DATASET EXCERPTS:

+++

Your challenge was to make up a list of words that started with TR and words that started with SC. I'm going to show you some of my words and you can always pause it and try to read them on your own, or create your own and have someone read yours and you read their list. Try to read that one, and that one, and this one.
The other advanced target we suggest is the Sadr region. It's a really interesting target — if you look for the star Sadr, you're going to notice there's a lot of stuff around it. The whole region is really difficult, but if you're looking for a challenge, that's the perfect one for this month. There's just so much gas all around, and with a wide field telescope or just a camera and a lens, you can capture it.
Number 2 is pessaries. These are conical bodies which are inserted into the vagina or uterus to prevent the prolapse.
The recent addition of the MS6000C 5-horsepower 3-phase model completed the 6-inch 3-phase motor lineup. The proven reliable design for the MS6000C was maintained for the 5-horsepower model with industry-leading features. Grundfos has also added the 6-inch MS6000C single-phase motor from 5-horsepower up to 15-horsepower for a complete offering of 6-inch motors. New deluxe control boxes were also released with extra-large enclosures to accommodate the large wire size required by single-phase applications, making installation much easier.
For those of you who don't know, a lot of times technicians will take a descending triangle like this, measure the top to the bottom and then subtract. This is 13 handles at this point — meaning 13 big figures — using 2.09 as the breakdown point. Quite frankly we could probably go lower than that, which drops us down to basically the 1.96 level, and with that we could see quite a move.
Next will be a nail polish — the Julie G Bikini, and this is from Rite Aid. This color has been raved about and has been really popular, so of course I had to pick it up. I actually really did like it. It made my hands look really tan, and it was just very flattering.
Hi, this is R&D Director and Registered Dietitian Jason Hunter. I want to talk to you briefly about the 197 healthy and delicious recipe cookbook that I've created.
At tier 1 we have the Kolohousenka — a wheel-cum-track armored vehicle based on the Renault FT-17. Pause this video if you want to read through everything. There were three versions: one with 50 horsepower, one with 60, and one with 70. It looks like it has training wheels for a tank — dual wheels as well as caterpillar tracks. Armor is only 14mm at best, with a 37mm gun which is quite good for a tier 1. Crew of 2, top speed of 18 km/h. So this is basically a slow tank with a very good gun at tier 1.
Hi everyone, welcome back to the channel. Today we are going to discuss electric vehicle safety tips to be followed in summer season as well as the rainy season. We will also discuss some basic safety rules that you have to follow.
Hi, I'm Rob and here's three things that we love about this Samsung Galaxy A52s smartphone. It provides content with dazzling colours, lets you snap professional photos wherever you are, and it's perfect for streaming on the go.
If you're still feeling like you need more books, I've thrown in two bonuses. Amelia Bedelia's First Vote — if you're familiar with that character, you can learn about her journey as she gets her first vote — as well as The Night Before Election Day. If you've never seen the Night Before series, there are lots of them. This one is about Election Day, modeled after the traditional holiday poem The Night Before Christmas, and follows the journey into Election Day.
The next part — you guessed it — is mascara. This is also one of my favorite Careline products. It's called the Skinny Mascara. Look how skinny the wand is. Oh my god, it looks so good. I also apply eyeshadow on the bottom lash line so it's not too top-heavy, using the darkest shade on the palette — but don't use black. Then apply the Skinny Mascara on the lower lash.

+++

TASK: Retype only the stretch of lines above starting at the one with "Hi, this is" and stopping at the one with "At tier 1 we", exactly as written, with both kept.

SOLUTION TO THIS TASK:
Hi, this is R&D Director and Registered Dietitian Jason Hunter. I want to talk to you briefly about the 197 healthy and delicious recipe cookbook that I've created.
At tier 1 we have the Kolohousenka — a wheel-cum-track armored vehicle based on the Renault FT-17. Pause this video if you want to read through everything. There were three versions: one with 50 horsepower, one with 60, and one with 70. It looks like it has training wheels for a tank — dual wheels as well as caterpillar tracks. Armor is only 14mm at best, with a 37mm gun which is quite good for a tier 1. Crew of 2, top speed of 18 km/h. So this is basically a slow tank with a very good gun at tier 1.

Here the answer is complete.